▶ [EXERCISE BRIEF]
When you reproduce the entries below, keep each one exact and drop any pictures.

▶ [RECORDS SHOWN]
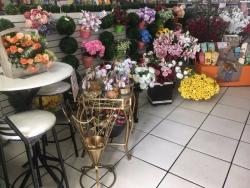 Flores artificiais em Piracicaba | Rede Bazzar Piracicaba - Boca Santa  Ofertas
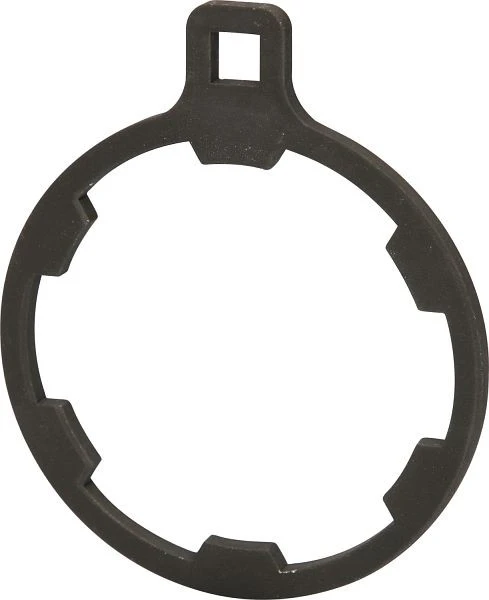 Pièce de pression KS Tools pour 150.2142 150.2148 obtenir à bas prix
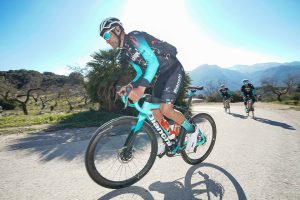 Scopri di più sull'articolo CASTEL FIORENTINO: LA CLASSICA DEDICATA A MARTINI CON UN BEL RISULTATO DEL TEAM TECHNIPES #INEMILIAROMAGNA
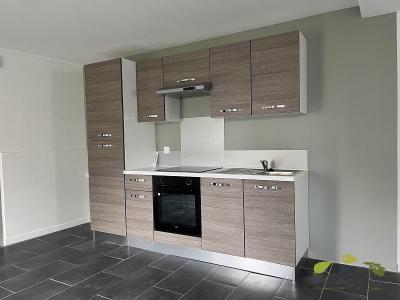 Louer Maison Bujaleuf 690 euros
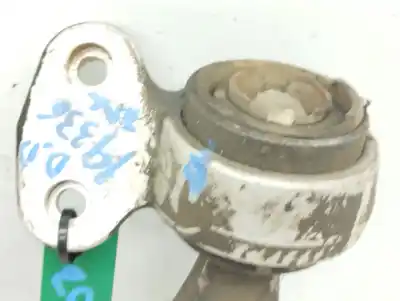 Pezzo di ricambio per auto di seconda mano braccio sospensione inferiore anteriore destro per bmw serie 3 compact (e46) 316ti riferimenti oem iam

▶ [ANSWER SPACE]
 Flores artificiais em Piracicaba | Rede Bazzar Piracicaba - Boca Santa  Ofertas
 Pièce de pression KS Tools pour 150.2142 150.2148 obtenir à bas prix
 Scopri di più sull'articolo CASTEL FIORENTINO: LA CLASSICA DEDICATA A MARTINI CON UN BEL RISULTATO DEL TEAM TECHNIPES #INEMILIAROMAGNA
 Louer Maison Bujaleuf 690 euros
 Pezzo di ricambio per auto di seconda mano braccio sospensione inferiore anteriore destro per bmw serie 3 compact (e46) 316ti riferimenti oem iam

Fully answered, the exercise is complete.